Potrà essere un Natale di gioia se faremo nostra l’idea che l’esperienza della fede è marcata non solo da vittorie ma anche da sconfitte, da conquiste ma anche da fallimenti. «Che, in una parola, la fede è un modo felice di stare al gioco della vita» (p. 40). Il Dio che in Gesù si manifesta – stando al capitolo 20° del vangelo di Luca dove ci si sofferma sulla domanda posta a Gesù dai sadducei in tema di risurrezione – è un Dio dei vivi e non dei morti. «È un Dio che, alla fine dei conti, vuole invitarci ad un gioco più grande di quelli a cui siamo normalmente abituati.

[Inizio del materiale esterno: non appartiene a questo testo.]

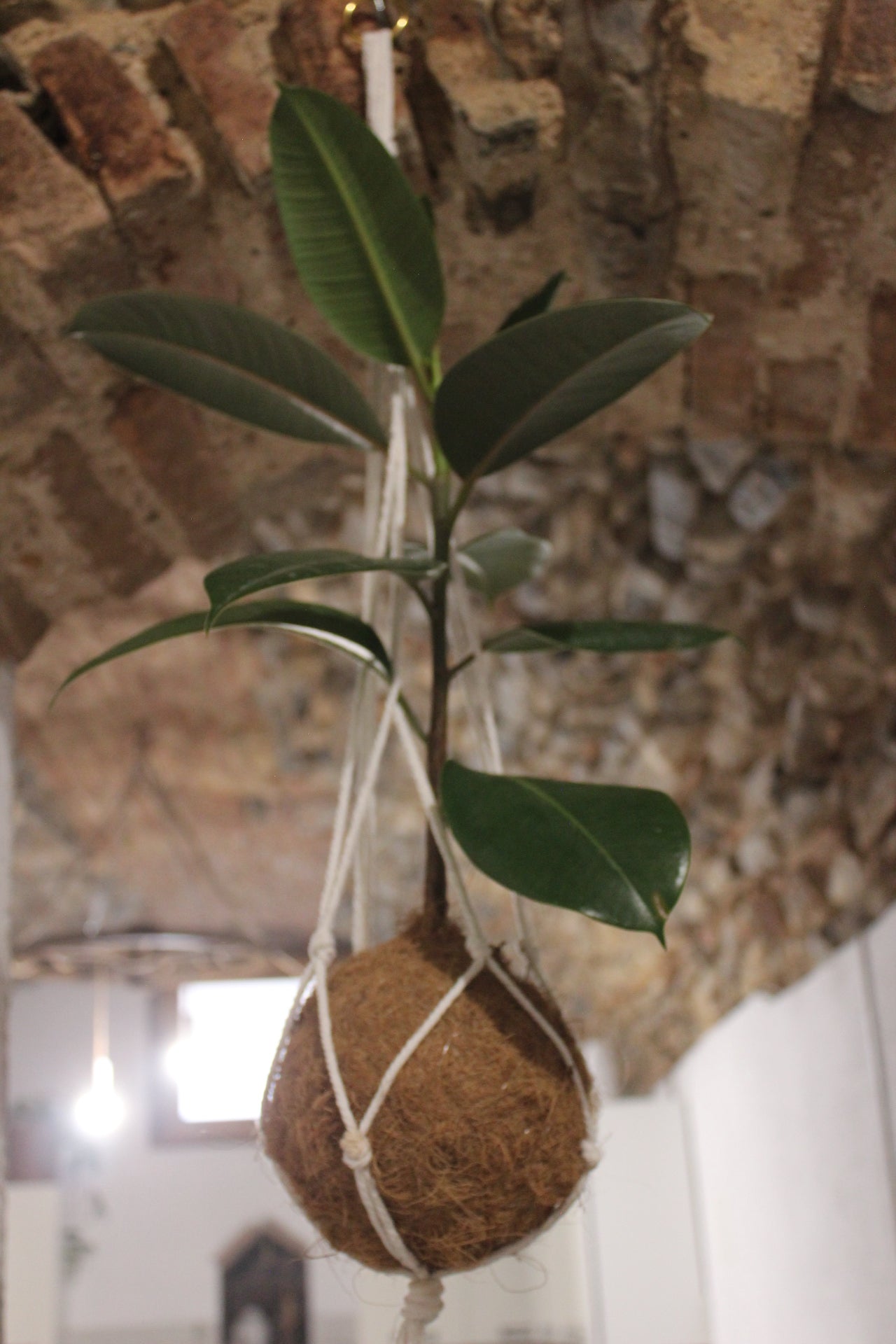 Kokedama Ficus Elastica fibra di cocco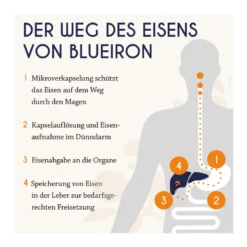 BlueIron Eisentropfen, 50 ml
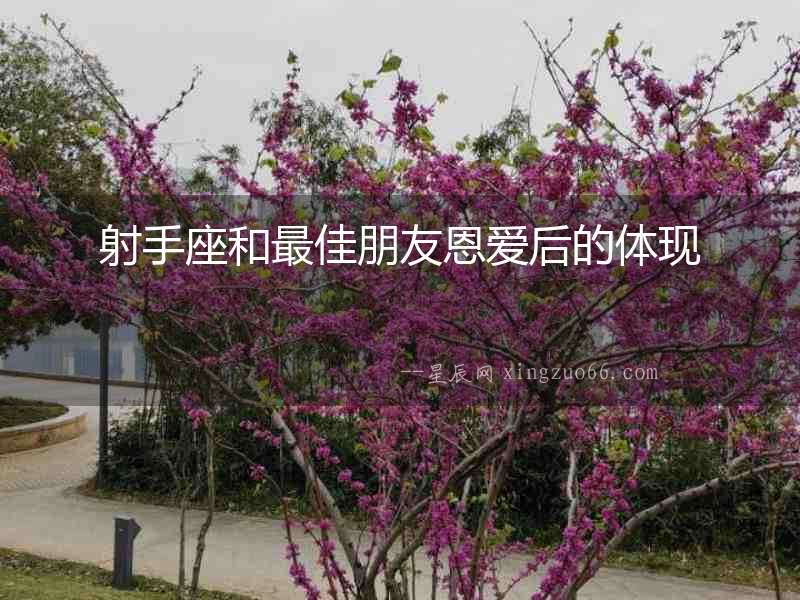 射手座和最佳朋友恩愛后的體現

Al gioco più grande che ci sia: quello di una vita senza tramonto, di una vita per sempre oltre la morte» (pp. 88-89).
Potrà essere un Natale di gioia se ci riuscirà di scoprire che il Dio cristiano è interessato ad un rapporto di singolarità con ciascun uomo e ciascuna donna, sapendo «rispettare la libertà e i tempi di ciascuno, sino al punto di correre il rischio di ricevere un no alla sua proposta di amore» (p. 44). Il Dio che si manifesta in Gesù – lo si legge nel capitolo 10° del vangelo di Marco che narra l’incontro di Gesù con il giovane ricco – «non coltiva narcisistici sogni di essere scelto a prescindere, ma è veramente buono perché invita ciascuno a maturare interiormente, a coltivare lo spazio preziosissimo del proprio io, della propria libertà, del proprio desiderio. Un Dio che semplicemente non teme di fallire nel rispetto dei tempi e delle situazioni di chi si pone in relazione con lui» (p. 92).
Potrà essere un Natale di gioia se avremo modo di convincerci definitivamente che la fede cristiana – quella legata al Bambino Gesù – ha di mira sostanzialmente la fioritura di quel dinamismo vitale che avvertiamo nel nostro intimo, sentendoci «in compagnia di un Dio che di mestiere fa il tifo per noi» (p. 49). Come testimonia la guarigione operata da Gesù a beneficio della donna sofferente da dodici anni di sanguinamento uterino anomalo e narrata nel capitolo 5° del vangelo di Marco, al Dio che in Gesù si fa incontro a noi non interessa sapere a quale punto della nostra esistenza noi ci troviamo. «Quel che conta è che, incontrandoci con Gesù, ci è data la possibilità di ritornare di nuovo figli e figlie della vita e rinascere con più pace nell’anima e più salute nel corpo. Ci è data la possibilità di fiorire ancora e ancora» (p. 95).